Ich kann mich mit Ascotts Regie irgendwie nicht so richtig anfreunden. Mir hat schon "Sartana - Töten war sein täglich Brot", trotz Klaus Kinski und Frank Wolff nicht besonders gefallen, was schon was heißen soll. Ascott wirkt auf mich wie eine Art Visionär ohne Vision, der sich nicht mit Fließband-Kino und Trash begnügen will, sondern versucht eine Regie zu liefern die scheinbar Maßstäbe setzen soll und sich ach so toller, cooler Tricks bedient um auf sich aufmerksam zu machen. Auf mich wirkten Aktionen wie die Dreifach-Splittung des Bildschrims bei der Szene wo es Nello Pazzafini erwischte oder die wahnsinnig coole Szene wo Sartana dem 'Sabata' das Bündel durch einen Schuss durch die Beine sausen ließ, aber nur billig und zwanghaft-cool.

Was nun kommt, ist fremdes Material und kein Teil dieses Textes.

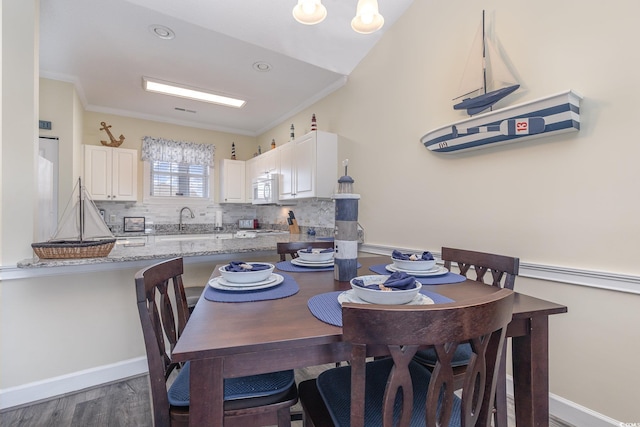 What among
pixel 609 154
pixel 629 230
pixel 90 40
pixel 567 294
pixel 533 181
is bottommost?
pixel 567 294

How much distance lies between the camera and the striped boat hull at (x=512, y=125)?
1.53 metres

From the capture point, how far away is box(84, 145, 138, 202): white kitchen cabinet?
155 inches

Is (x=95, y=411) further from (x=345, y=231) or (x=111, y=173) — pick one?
(x=111, y=173)

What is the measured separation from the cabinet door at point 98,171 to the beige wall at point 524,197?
253cm

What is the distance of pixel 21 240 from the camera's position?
1.75 m

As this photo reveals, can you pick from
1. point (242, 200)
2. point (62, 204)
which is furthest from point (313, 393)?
point (242, 200)

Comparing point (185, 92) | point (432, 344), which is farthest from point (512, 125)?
point (185, 92)

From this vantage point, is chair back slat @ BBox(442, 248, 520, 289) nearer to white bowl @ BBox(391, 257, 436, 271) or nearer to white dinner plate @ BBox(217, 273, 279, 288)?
white bowl @ BBox(391, 257, 436, 271)

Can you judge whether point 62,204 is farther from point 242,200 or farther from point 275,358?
point 275,358

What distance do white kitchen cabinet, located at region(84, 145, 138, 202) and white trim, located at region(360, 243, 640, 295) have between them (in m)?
4.83

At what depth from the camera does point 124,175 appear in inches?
167

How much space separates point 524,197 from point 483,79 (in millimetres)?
807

Am Anfang, wo Sartana/ Django, das Dynamit löschte, war das noch lustig und selbstironisch, aber mit der Zeit wird es zu zentral, wesentlich und nervend. Auch die schlechten Kamerafahrten bei der Poker-Szene waren wirklich au weia

, denn die hatten null Wrikung und kanem rüber als wenn sie nur zum Protzen nach dem Motto "Guck mal was ich tolles mit meiner Kamera kann" da wären.
Ich schaue mir lieber einen Miles Deem-Film an, als die Arbeit von Möchtegern-Supermännern. Deem gilt als Trash-Papst, wird seinem Ruf gerecht, man wird unterhalten, fertig, aber so was, was Ascott macht......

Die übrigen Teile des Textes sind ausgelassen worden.